La naissance d’un mythe puissant

L’idée que la sérotonine pourrait être liée à la dépression a des origines très modestes. Dans les années 1950, un médicament appelé la réserpine, utilisé contre les convulsions, avait été observé pour ses effets sur la sérotonine dans le cerveau, conduisant à des états de léthargie chez certains sujets. Peu de temps après, un traitement antituberculeux, l’iproniazide, a été associé à des améliorations de l’humeur chez des patients après plusieurs mois de traitement. Ces observations ont poussé certains chercheurs à émettre l’hypothèse d’une corrélation entre la sérotonine et les troubles de l’humeur, une hypothèse formalisée dans les années 1960 avec la théorie des catécholamines du Dr. Joseph Schildkraut. Toutefois, il a lui-même précisé que cette théorie ne reposait que sur des modèles induits par des médicaments et non sur une compréhension directe des mécanismes naturels de la dépression.

Cette théorie a néanmoins prospéré dans un contexte où la psychiatrie cherchait à se redéfinir et à s’éloigner d’approches plus radicales comme la lobotomie. Le secteur pharmaceutique s’est empressé de s’associer à cette redéfinition, donnant naissance à un modèle basé sur des médicaments, comme l’explique le Dr. Joanna Moncrieff. Ce modèle ne repose pas sur une véritable guérison des patients, mais sur la simple observation que certains produits chimiques synthétiques peuvent modifier le comportement.

Les effets des antidépresseurs : une illusion de traitement ?

Les antidépresseurs, bien qu’efficaces pour provoquer des changements dans le comportement, ne réparent pas réellement un soi-disant déséquilibre chimique dans le cerveau. Le Dr. Irving Kirsch, un expert sur l’effet placebo, a démontré dans une méta-analyse que seulement 27 % des réponses thérapeutiques aux antidépresseurs pouvaient être attribuées à l’action réelle du médicament. D’autres études ont montré que les différences entre les antidépresseurs et les placebos disparaissent lorsqu’on utilise des placebos « actifs », c’est-à-dire des placebos qui imitent certains des effets secondaires des médicaments.

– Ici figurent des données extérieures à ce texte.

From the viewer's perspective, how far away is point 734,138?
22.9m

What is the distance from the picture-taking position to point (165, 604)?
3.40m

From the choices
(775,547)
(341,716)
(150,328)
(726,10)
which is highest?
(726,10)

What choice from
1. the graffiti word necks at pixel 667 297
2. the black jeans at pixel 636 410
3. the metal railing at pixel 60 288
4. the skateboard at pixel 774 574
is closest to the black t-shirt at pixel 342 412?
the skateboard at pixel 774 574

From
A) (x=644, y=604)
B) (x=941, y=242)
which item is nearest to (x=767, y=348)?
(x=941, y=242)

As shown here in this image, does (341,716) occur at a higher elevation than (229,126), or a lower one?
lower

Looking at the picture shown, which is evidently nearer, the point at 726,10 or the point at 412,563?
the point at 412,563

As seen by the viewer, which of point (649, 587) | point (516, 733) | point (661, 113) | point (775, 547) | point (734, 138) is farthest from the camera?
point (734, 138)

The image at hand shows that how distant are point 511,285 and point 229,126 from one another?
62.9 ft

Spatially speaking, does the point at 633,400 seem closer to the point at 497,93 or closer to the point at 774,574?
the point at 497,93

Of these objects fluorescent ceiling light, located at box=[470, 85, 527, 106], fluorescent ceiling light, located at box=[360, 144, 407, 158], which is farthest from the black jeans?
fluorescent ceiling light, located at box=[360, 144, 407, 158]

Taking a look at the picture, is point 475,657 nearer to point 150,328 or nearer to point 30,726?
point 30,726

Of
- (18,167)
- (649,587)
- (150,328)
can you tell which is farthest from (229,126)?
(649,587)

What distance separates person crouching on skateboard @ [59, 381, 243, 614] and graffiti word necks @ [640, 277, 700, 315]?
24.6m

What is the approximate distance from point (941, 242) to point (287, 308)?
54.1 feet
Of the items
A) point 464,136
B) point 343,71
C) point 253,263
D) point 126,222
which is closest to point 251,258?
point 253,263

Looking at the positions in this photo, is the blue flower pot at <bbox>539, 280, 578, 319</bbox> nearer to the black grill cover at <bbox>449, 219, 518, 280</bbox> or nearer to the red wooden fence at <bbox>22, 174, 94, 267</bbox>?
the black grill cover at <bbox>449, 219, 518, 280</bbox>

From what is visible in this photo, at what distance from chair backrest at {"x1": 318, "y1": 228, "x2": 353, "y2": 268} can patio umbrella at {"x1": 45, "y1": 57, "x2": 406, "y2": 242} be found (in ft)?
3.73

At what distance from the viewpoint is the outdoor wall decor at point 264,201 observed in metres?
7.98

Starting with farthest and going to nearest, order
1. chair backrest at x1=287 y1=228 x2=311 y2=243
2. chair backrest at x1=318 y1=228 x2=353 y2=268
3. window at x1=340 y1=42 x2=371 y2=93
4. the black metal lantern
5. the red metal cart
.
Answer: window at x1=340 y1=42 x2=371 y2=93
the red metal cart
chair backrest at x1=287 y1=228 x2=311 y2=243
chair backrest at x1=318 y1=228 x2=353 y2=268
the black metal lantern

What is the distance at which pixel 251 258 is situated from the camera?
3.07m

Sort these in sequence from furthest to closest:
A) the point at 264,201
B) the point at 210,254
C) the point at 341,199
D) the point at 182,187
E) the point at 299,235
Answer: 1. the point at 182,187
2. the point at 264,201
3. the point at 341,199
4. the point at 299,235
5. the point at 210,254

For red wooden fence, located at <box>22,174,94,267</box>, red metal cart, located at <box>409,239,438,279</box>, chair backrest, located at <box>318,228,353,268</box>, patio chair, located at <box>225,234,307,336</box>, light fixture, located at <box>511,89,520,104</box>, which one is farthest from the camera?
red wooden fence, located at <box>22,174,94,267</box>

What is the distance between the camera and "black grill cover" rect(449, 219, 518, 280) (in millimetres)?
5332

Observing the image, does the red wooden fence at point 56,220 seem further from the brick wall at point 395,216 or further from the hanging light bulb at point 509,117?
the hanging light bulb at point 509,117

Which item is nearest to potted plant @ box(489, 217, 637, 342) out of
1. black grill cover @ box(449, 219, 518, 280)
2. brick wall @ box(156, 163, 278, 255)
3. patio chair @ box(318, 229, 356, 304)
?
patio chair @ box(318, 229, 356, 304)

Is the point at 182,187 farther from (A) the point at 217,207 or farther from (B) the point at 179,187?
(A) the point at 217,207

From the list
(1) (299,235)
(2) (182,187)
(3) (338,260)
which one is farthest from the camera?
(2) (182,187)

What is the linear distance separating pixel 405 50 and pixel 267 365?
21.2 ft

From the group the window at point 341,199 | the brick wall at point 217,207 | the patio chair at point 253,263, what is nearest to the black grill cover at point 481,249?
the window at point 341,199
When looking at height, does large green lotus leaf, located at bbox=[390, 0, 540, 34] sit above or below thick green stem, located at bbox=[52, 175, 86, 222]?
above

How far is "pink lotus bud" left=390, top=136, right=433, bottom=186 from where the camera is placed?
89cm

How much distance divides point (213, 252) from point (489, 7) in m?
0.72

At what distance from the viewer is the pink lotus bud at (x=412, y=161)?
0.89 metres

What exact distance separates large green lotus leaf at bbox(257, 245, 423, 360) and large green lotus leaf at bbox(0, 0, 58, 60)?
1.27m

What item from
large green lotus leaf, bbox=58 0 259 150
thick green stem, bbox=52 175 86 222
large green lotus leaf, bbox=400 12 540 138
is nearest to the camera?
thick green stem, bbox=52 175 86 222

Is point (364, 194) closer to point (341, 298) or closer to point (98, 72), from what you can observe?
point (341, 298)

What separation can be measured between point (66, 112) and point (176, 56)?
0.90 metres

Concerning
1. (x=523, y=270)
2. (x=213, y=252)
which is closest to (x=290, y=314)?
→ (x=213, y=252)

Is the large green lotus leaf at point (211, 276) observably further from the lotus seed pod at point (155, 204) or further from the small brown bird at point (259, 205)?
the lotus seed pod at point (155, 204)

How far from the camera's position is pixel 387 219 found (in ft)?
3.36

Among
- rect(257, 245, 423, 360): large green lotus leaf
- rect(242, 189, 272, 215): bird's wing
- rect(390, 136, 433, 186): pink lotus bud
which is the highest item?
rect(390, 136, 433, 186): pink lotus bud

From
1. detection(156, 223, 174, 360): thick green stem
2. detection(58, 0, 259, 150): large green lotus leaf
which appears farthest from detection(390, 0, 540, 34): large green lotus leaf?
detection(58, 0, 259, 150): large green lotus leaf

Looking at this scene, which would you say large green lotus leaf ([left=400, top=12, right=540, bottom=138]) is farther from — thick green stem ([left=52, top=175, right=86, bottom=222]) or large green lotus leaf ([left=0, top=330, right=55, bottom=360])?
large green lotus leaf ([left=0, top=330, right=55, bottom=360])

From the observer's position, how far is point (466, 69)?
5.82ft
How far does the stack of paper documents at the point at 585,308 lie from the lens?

En parallèle, une étude financée publiquement à hauteur de 35 millions de dollars, qui a suivi 4 000 patients sous traitement antidépresseur, a révélé que, quel que soit le médicament utilisé ou la stratégie adoptée pour traiter la dépression, les taux de rémission restaient faibles (environ 18 à 30 % des patients). Ce constat remet en cause l’idée que ces traitements apportent une solution durable et efficace aux troubles dépressifs.

Une industrie qui profite du doute

Les entreprises pharmaceutiques ont habilement utilisé cette théorie partielle pour générer des profits en orientant la recherche et en manipulant les données scientifiques. Une étude célèbre publiée dans le New England Journal of Medicine en 2008 a révélé que sur les 74 études utilisées pour approuver 12 antidépresseurs, les études montrant des résultats négatifs étaient souvent soit non publiées, soit présentées sous un angle favorable aux médicaments.

Alternatives aux traitements conventionnels

Alors que la théorie de la sérotonine perd en crédibilité, il est essentiel de réévaluer notre approche des troubles dépressifs. Des traitements plus holistiques, tels que les changements de régime alimentaire, l’exercice, la méditation et la détoxification de l’environnement, peuvent offrir des alternatives plus sûres et potentiellement plus efficaces.